== TRY IT ==
Images are not part of the copy; write out the rest of the data exactly as given.

== DATA BLOCK ==
--- START ---

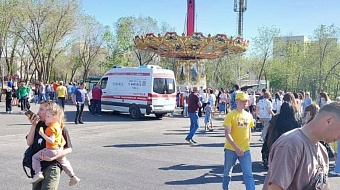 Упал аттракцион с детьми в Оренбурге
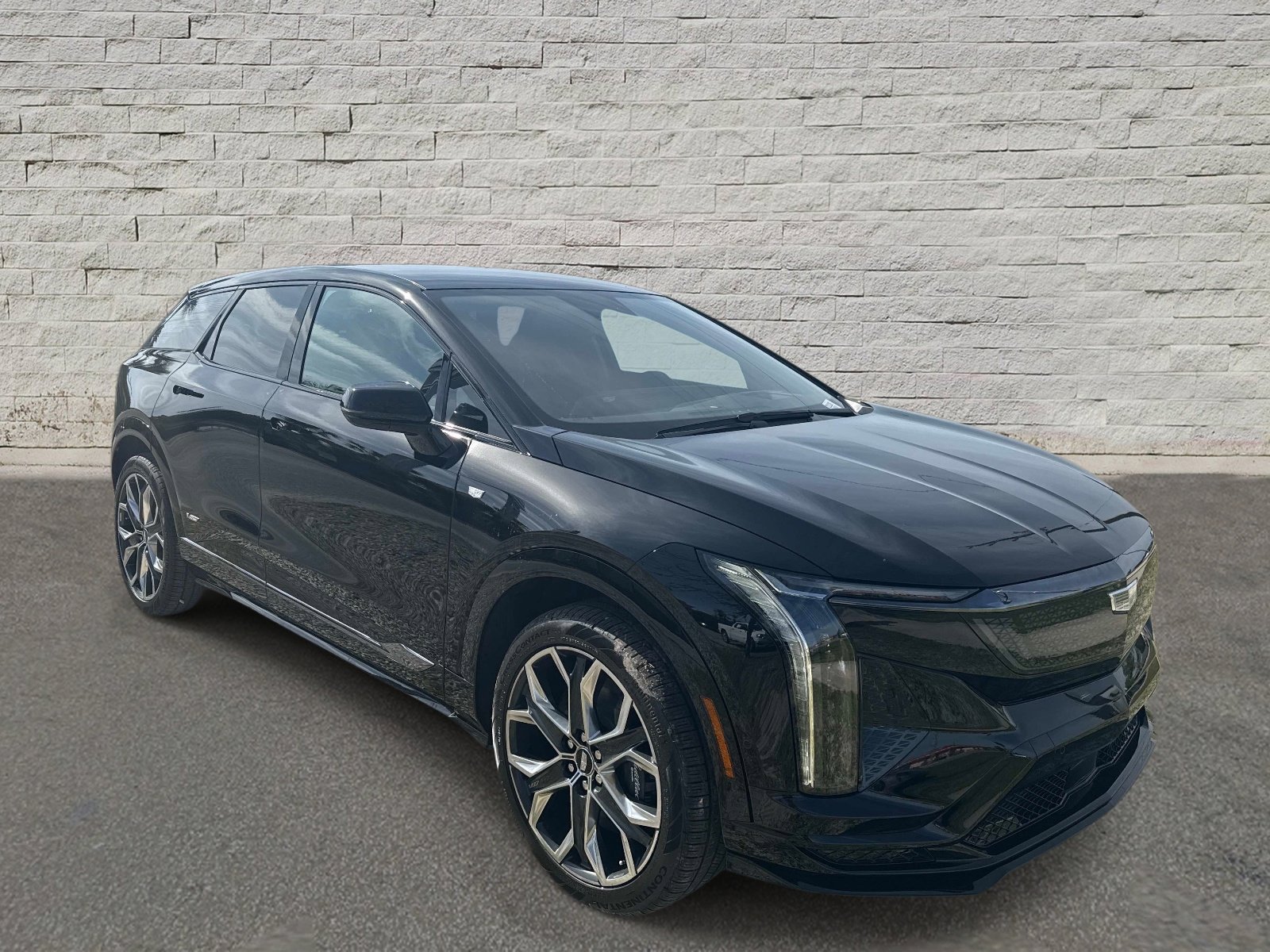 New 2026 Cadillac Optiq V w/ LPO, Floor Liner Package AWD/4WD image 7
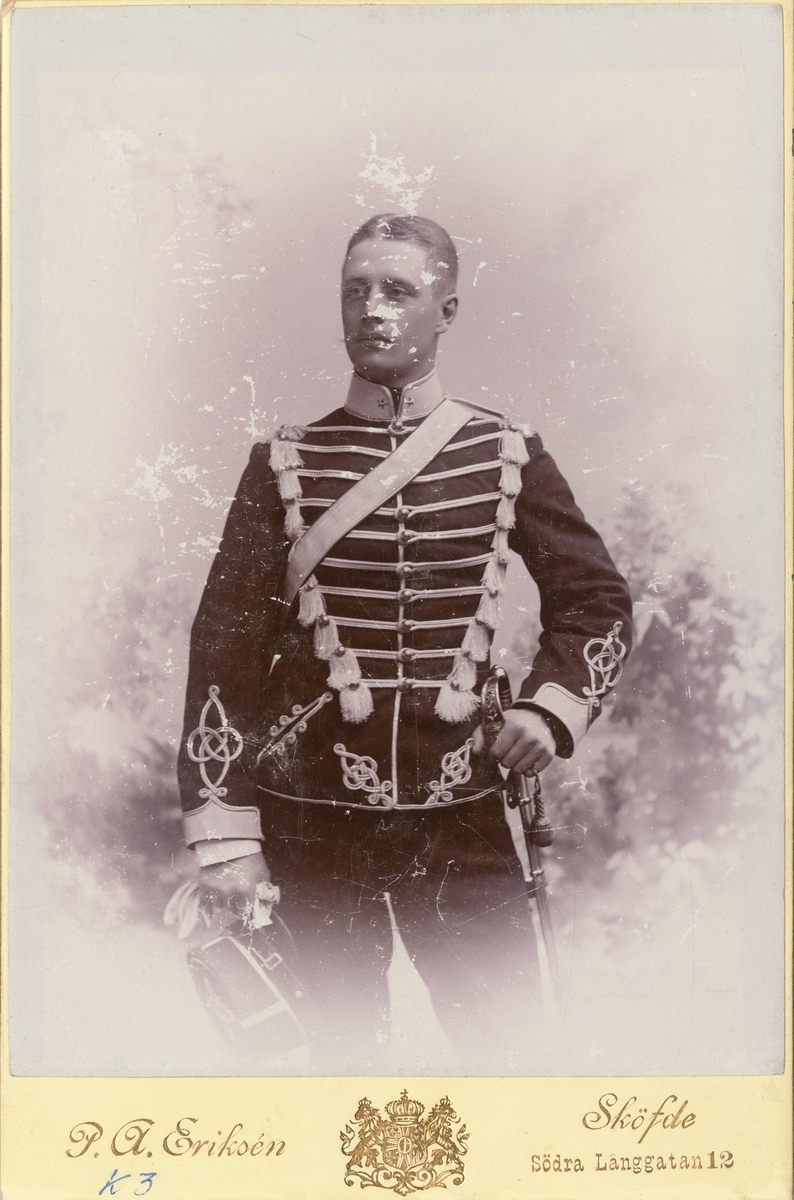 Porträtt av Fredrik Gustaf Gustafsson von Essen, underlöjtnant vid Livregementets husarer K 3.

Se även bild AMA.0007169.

--- END ---

== RESPONSE TO THIS EXERCISE ==
 Упал аттракцион с детьми в Оренбурге
 New 2026 Cadillac Optiq V w/ LPO, Floor Liner Package AWD/4WD image 7
 Porträtt av Fredrik Gustaf Gustafsson von Essen, underlöjtnant vid Livregementets husarer K 3.

Se även bild AMA.0007169.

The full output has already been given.